United States District Court, Central District of Illinois, Peoria Division
March 23, 2015
DEMETRIUS HEMPHILL, Plaintiff,
S.A. GODINEZ, et al., Defendants.
MERIT REVIEW ORDER
MICHAEL M. MIHM, UNITED STATES DISTRICT JUDGE
Plaintiff, proceeding pro se, pursues a § 1983 action for Defendants’ alleged deliberate indifference in subjecting him to inhumane conditions of confinement at the Pontiac Correctional Center. The case is before the Court for a merit review pursuant to 28 U.S.C. § 1915A. In reviewing the Complaint, the Court accepts the factual allegations as true, liberally construing them in Plaintiff's favor. Turley v. Rednour, 729 F.3d 645, 649-51 (7th Cir. 2013). However, conclusory statements and labels are insufficient. Enough facts must be provided to “state a claim for relief that is plausible on its face.” Alexander v. United States, 721 F.3d 418, 422 (7th Cir. 2013)(citation and internal quotation marks omitted).

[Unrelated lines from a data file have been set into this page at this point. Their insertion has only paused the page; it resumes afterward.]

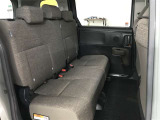 ゆとりある広々とした車内空間は、ドライブを始め買い物やレジャーなど、幅広く活躍します。一人でもみんなとでもお出かけを楽しみましょう!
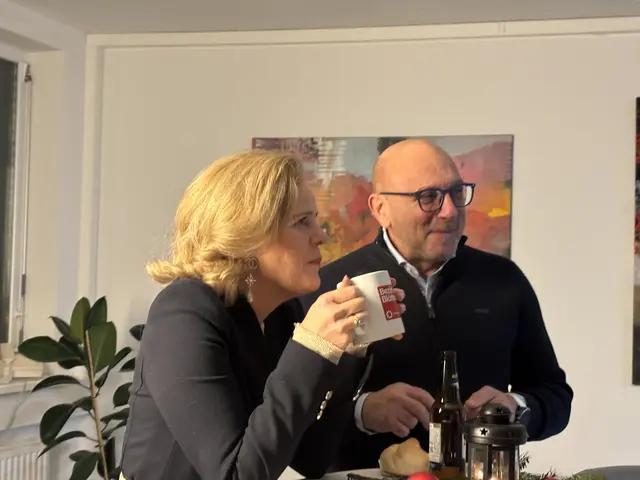 Die Gäste genießen eine warme Tasse alkoholfreier Punsch und saftige Würstel. 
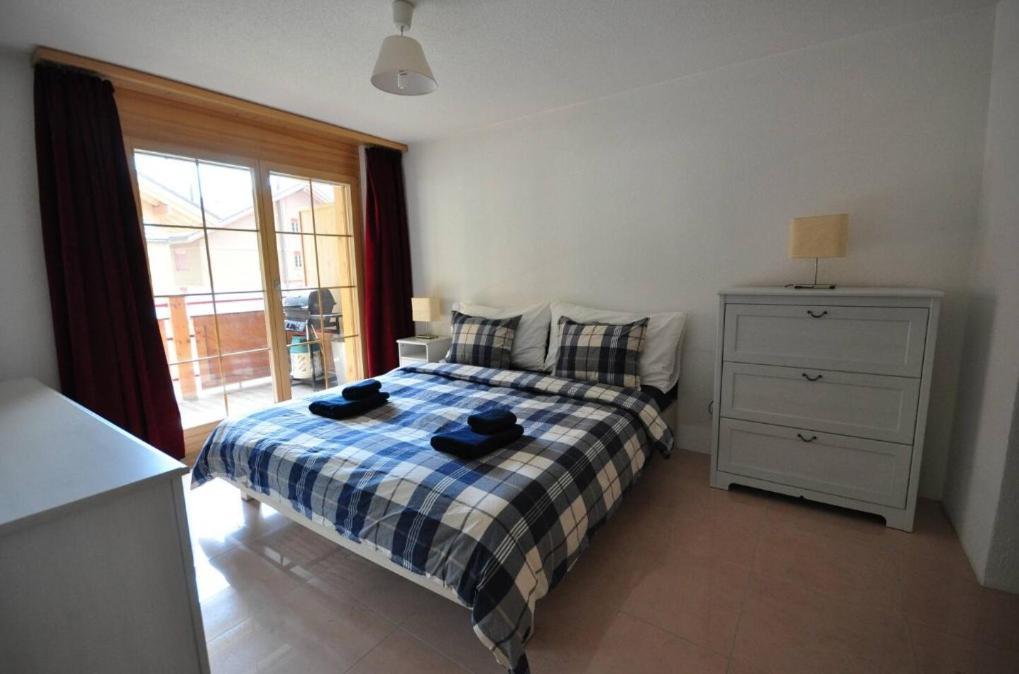 Family Frame Apartment Lauterbrunnen Ngoại thất bức ảnh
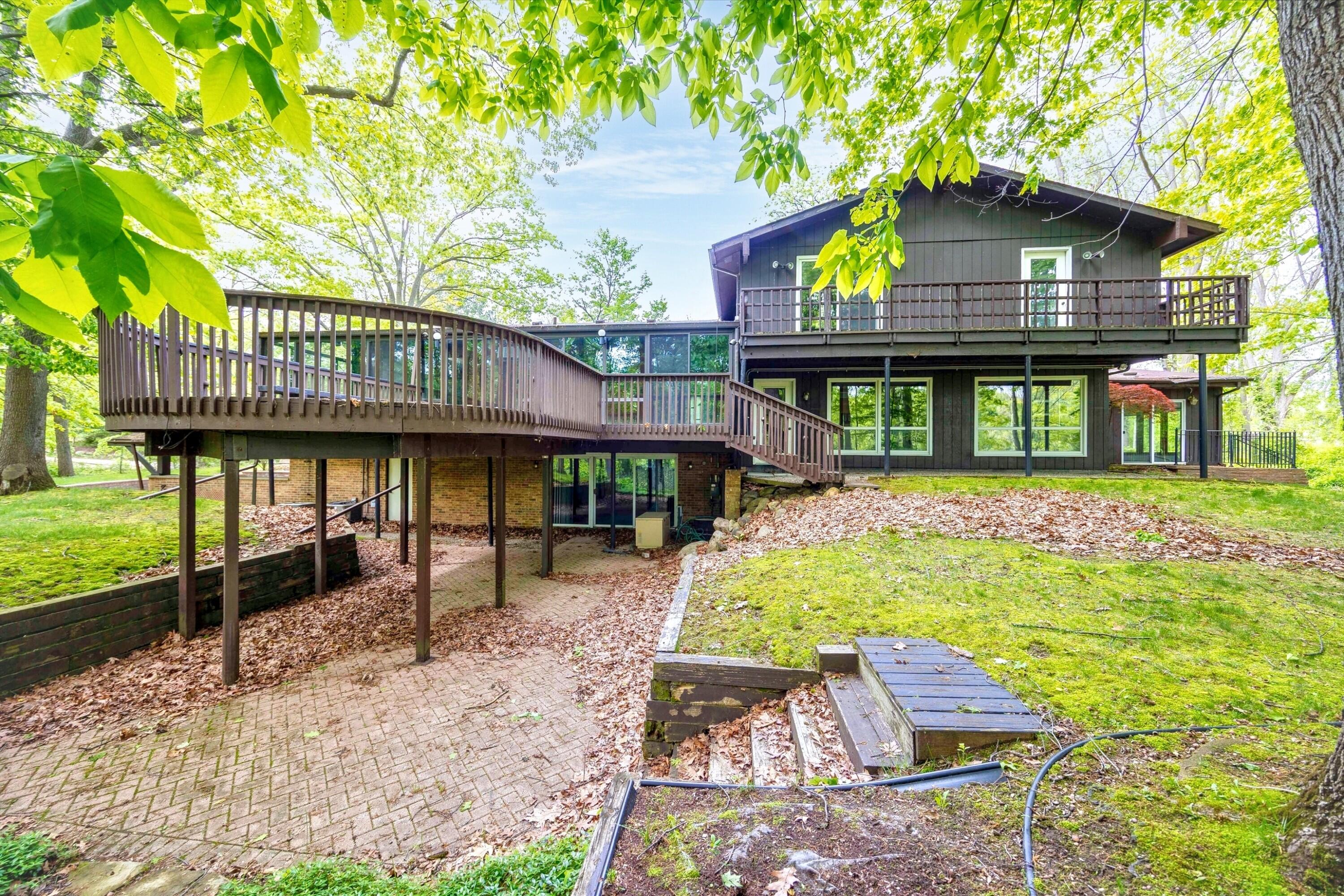 4710 Cove Road West Bloomfield, MI 48323 - Photo 108 of 121 deleted25012083_24
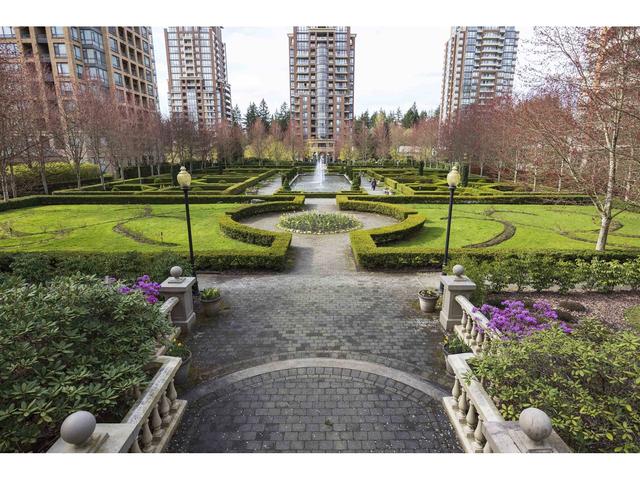 2205 - 6888 Station Hill Drive, Condo with 2 bedrooms, 2 bathrooms and null parking in Burnaby BC | Card Image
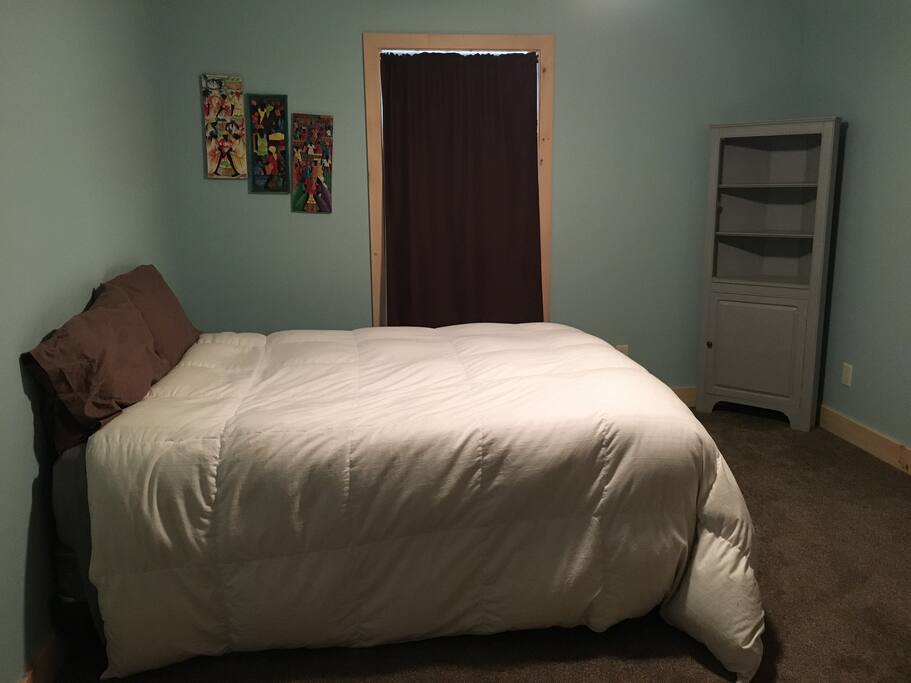 Guest room #1
Max capacity: 2
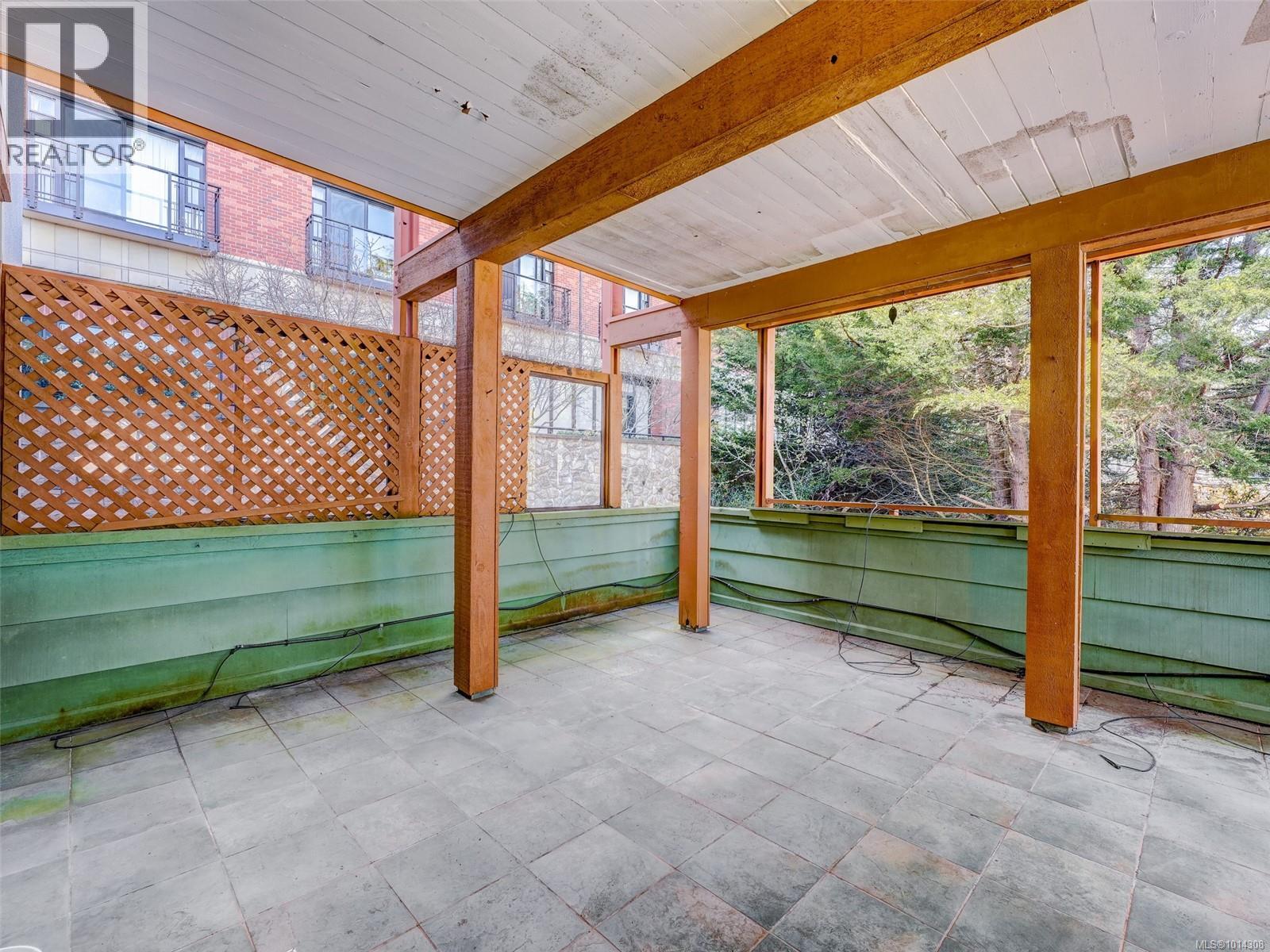 200 2747 Satellite Street, Oak Bay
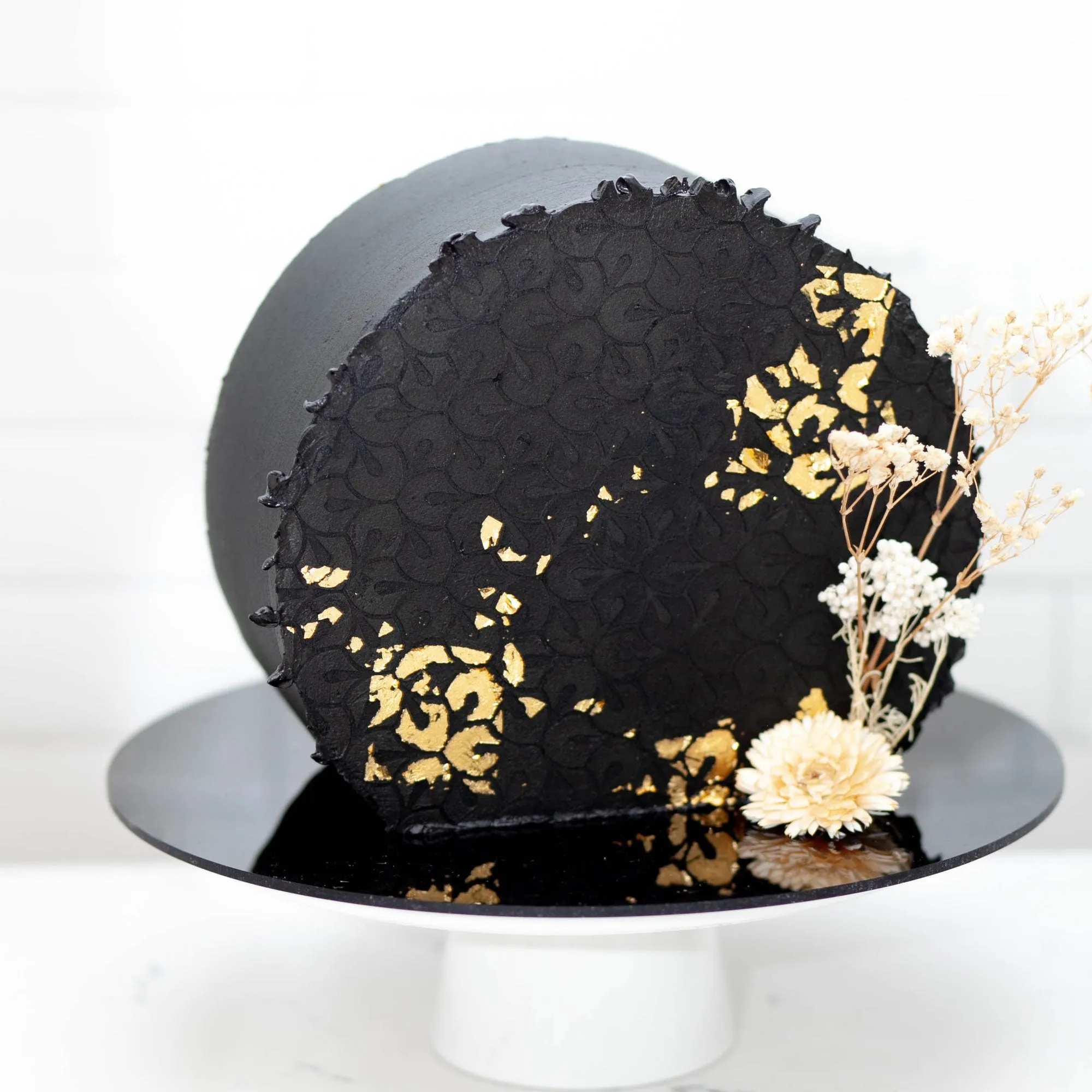 Black Glossy Acrylic Round Disk Set of 2-1/8 or 0.12" thick for Cake Serving and Reusable Cake Board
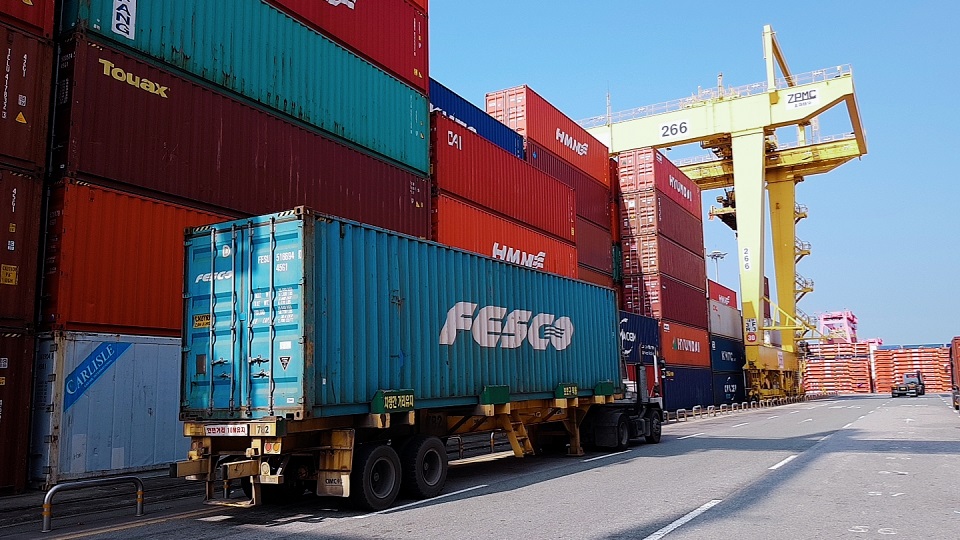 Container terminal at port of Pusan, source: RZD Logistics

Plaintiff alleges that, for one week prior to 7/2/14 he was celled with another inmate who would not shower. When Lt. Winemiller refused to move him, Plaintiff he went on a hunger strike for an unidentified period of time. When Plaintiff went off of the hunger strike he was placed in cell E 219 which had an essentially solid steel door, with perforations. Plaintiff claims that he should have been placed in a cell which had bars, as the cell with the solid door allegedly had no ventilation. Plaintiff asked Defendants Punke, Wheats, Shull, Creech to move him, and they would not. Plaintiff is apparently a diabetic, indicates that the poor ventilation in the cell had caused to experience blurry vision and high blood sugar. Plaintiff claims that Dr. Tilden instructed another employee, Kristi Eschleman, to contact Lt. Charden to have Plaintiff moved but that this wasn’t done.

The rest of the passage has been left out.